Sunday, March 19, 2017

Spoken For Tutorial

Hello Everyone,

I've taught Spoken For a couple of times, and I've noticed how the blocks seem to be all over the spectrum when it comes to the final size, so I put a tutorial together to walk you through the process.

Begin with the end in mind.

Select three fabrics that play well together.  I always begin with the "Blade" fabric.  The blade is the pointy piece in the block.  The fans are the rounded sections.  Key off your blade fabric, by selecting fabrics that work with it, and you can't go wrong.

I put a piece of template plastic over the template page of the pattern and made my templates. I used a ruler and an ultra fine permanent marking pen and traced the templates on the plastic.  Template plastic comes in a blue or red gridded form or plain.  I prefer the gridded template plastic. Cut the template out directly on the line.

 I love using the plastic so I can place it over the fabric and be able to fussy cut the blade.

Trace around the template and cut out directly on the line. You will need to make 4 blades.

Fold the blade in half and pin.

Stitch 1/4" from the raw edge of the blade to the folded edge.

 Backtrack at the end and clip off the inside, folded corner.

Press the seam open.

Use a little pointy thingy to make a nice sharp point, and press. Now you are finished with the blades.

Now use your fan template and cut out your fans.  Since I wasn't fussy cutting them, I traced around the fan template on the back of the fabric.  I carefully cut out each fan directly on the line.

I then made my freezer paper template.  I ironed three pieces of freezer paper together and made a stiff freezer paper template.
Iron the freezer paper template to the back of the fans.

 Clip to the freezer paper right here.

 Gather your applique tools together. Apply a bit of starch to the end of the fan.

Use an iron and stiletto and press the fabric over the freezer paper.

Prepare 16 fans for your block.

Carefully peel the freezer paper away from the fans.  It helps to briefly press the back of the fan to help release the freezer paper.

Place right sides together, and begin stitching at the opening in the center of the block and stitch to the outside.  Backtrack at the beginning and the end.
****IMPORTANT***** There are 20 seams around the block.  Make sure your seam is 1/4".

This is what the back will look like on both sides of the sections.

You can press the seams open if you don't plan of stitching in the ditch.  If you do plan on stitching in the ditch, then press the seams to one side. I experimented to see if there was any difference in the size of the block if the seams were pressed open or to one side.  The conclusion of my unscientific experiment showed the blocks were a smidge larger if the seams were pressed open. My only explanation is the block can stretch a bit more if the seams are pressed open.

Continue sewing, and PRESS after each addition to the block.
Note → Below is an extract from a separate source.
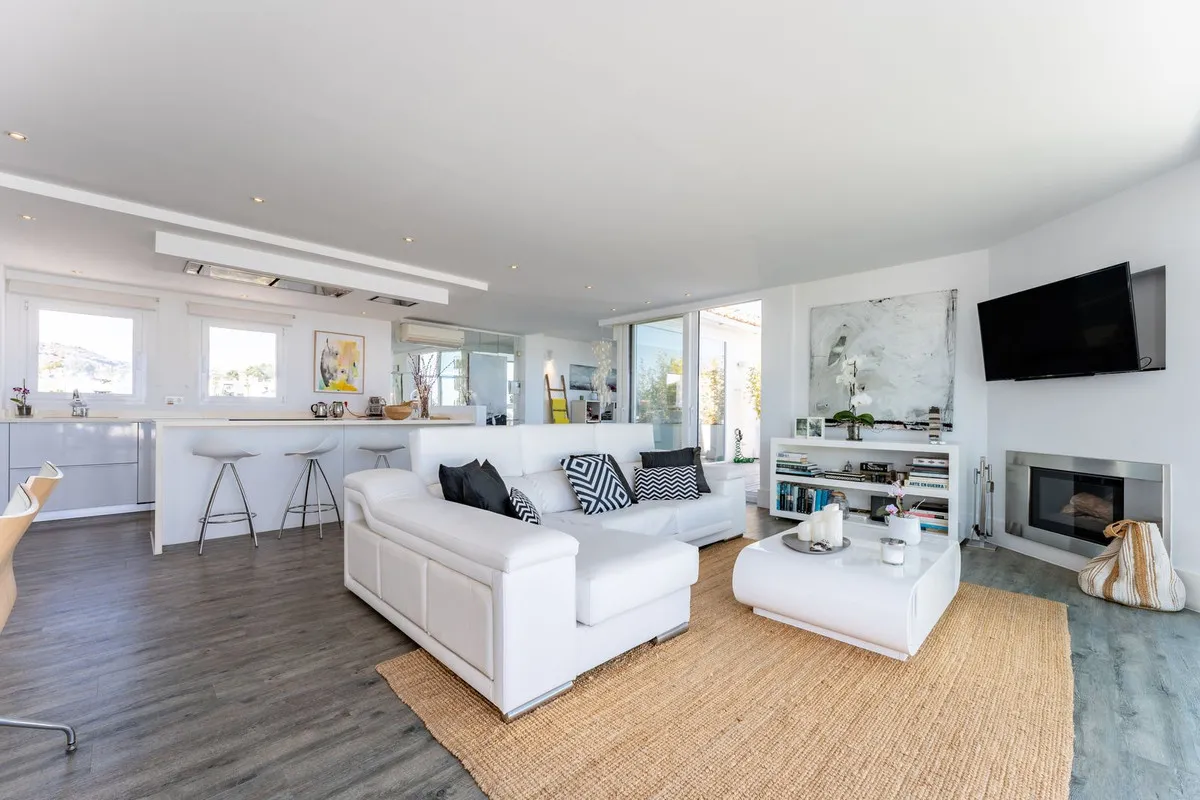 f5c359f3-b26e-4d34-bea9-f995ba711750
If the block is a little wonky or wavy when it is all sewn together, (especially in the middle around the "pie hole"),  give it a good shot of heavy duty spray starch, let it dry, then iron it into submission. I admit I had to do this step on more than one occasion. 

Make your hexagon templates from the template plastic.  First cut out the fabric hexagon.  Make a freezer paper template, and iron on to the back of the hexagon.
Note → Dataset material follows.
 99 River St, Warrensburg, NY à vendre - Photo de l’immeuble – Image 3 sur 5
 Use starch, an iron, fold and press the fabric over the template.

Carefully remove the freezer paper template and place on top of the block.  The block is now ready to hand applique to the background fabric.  You can also think about machine appliqueing the block to the background. 

From tip of blade to tip of blade, the block should measure between 7-1/2" to 7-5/8".  The "pie hole" in the center should measure between 2" to 2-1/8". 

I can't give away the farm here, so continue making the quilt by following the directions on the pattern which is available HERE.  Once you refine your process, the blocks become very addicting.  Maybe that's why I'm making another Spoken For!







  1. Wonderful tutorial, Lynn! Thanks! You'll see me at the retreat with Spoken For!

  2. Great tutorial with excellent pictures, as usual! Maybe the bigger size in the pressed open seam block makers is due to machine tension being a little loose.

  3. Thanks so much for a wonderful tutorial.

  4. Thanks for a great tutorial Lynn! If using apliquick for this project, you would cut the interfacing the finished size of the blades and fans, correct? This might also stabilize the plate as well!